PROMPT:
The lines from the one containing "Cần bán gấp" to the end of the entries, both included, are what you need to transcribe exactly, without pictures and without anything else.
[[ STORED DATA open ]]
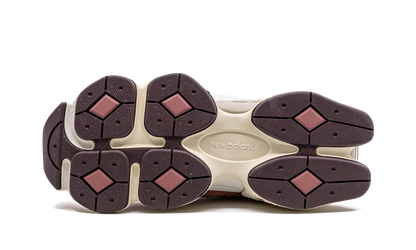 9060 "Mineral Red/Truffle" U9060TRU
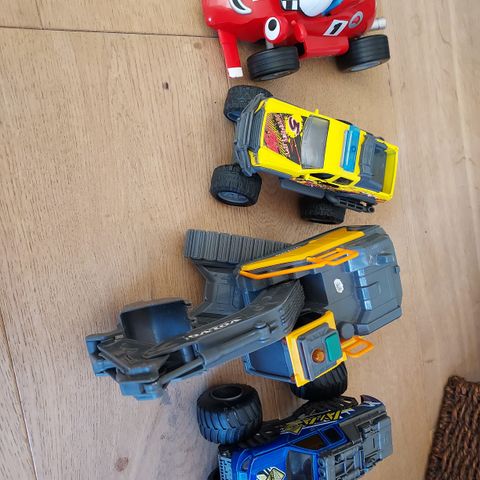 Racerbil, monstertruck og gravemaskin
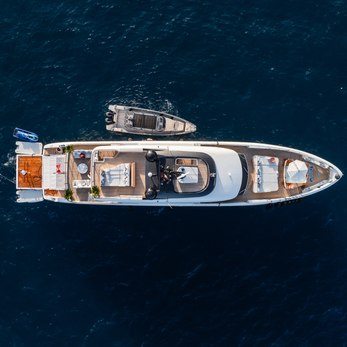 Alluria yacht exterior 5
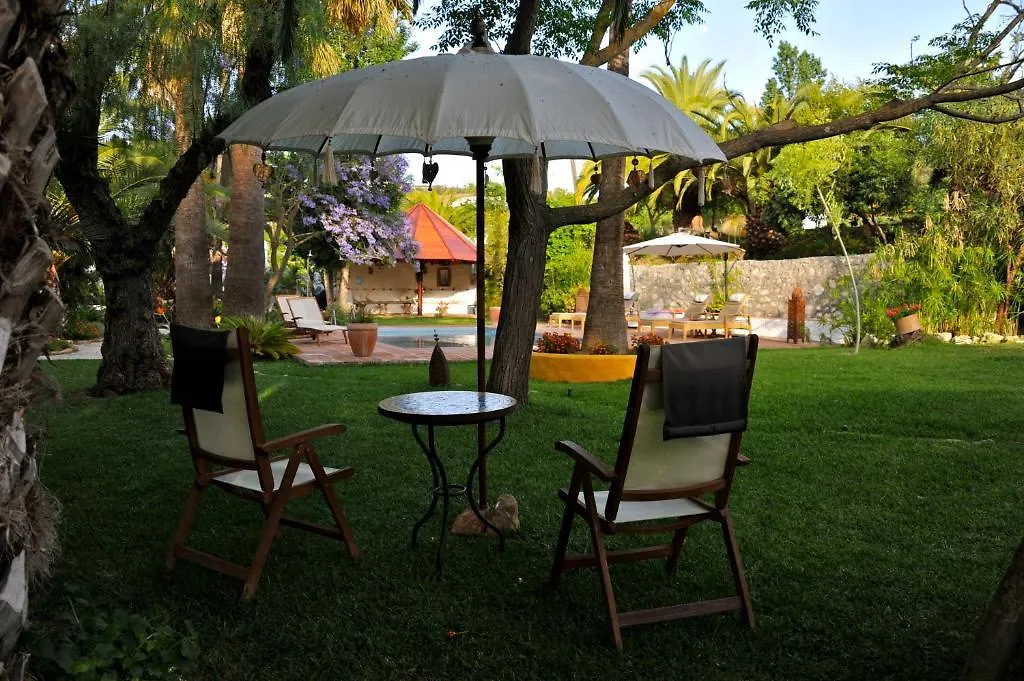 Barros De Luna Guest House Coin Spain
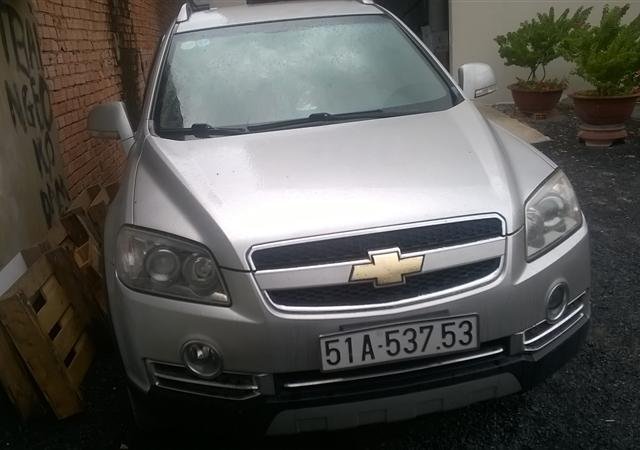 Cần bán gấp xe Chevrolet Captiva - cũ nhập khẩu đời 2010, màu trắng, số tự động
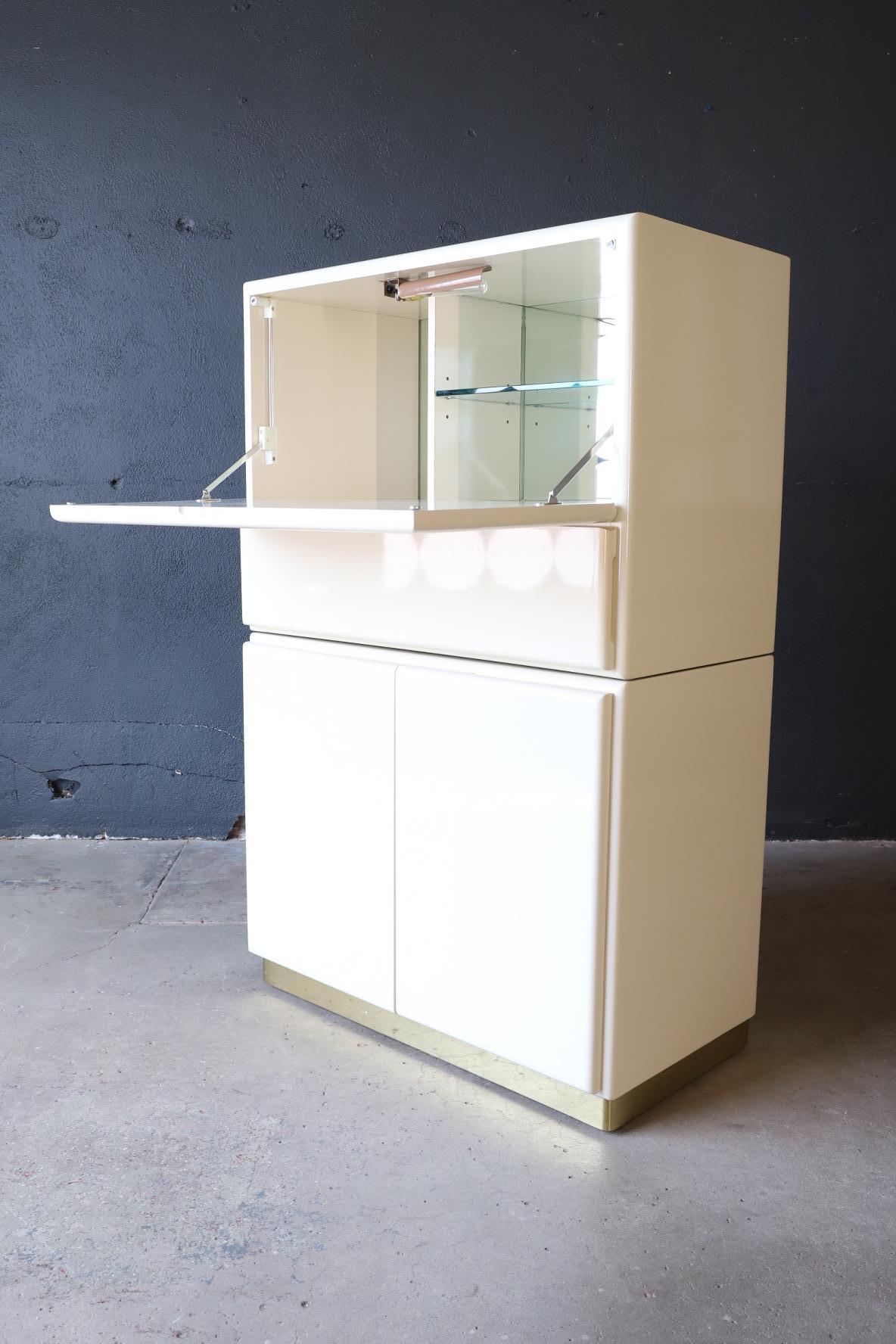 Milo Baughman for Thayer Coggin Bar Cabinet or Vanity Storage In Good Condition In Oklahoma City, OK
[[ STORED DATA closed ]]
ANSWER SECTION:
 Cần bán gấp xe Chevrolet Captiva - cũ nhập khẩu đời 2010, màu trắng, số tự động
 Milo Baughman for Thayer Coggin Bar Cabinet or Vanity Storage In Good Condition In Oklahoma City, OK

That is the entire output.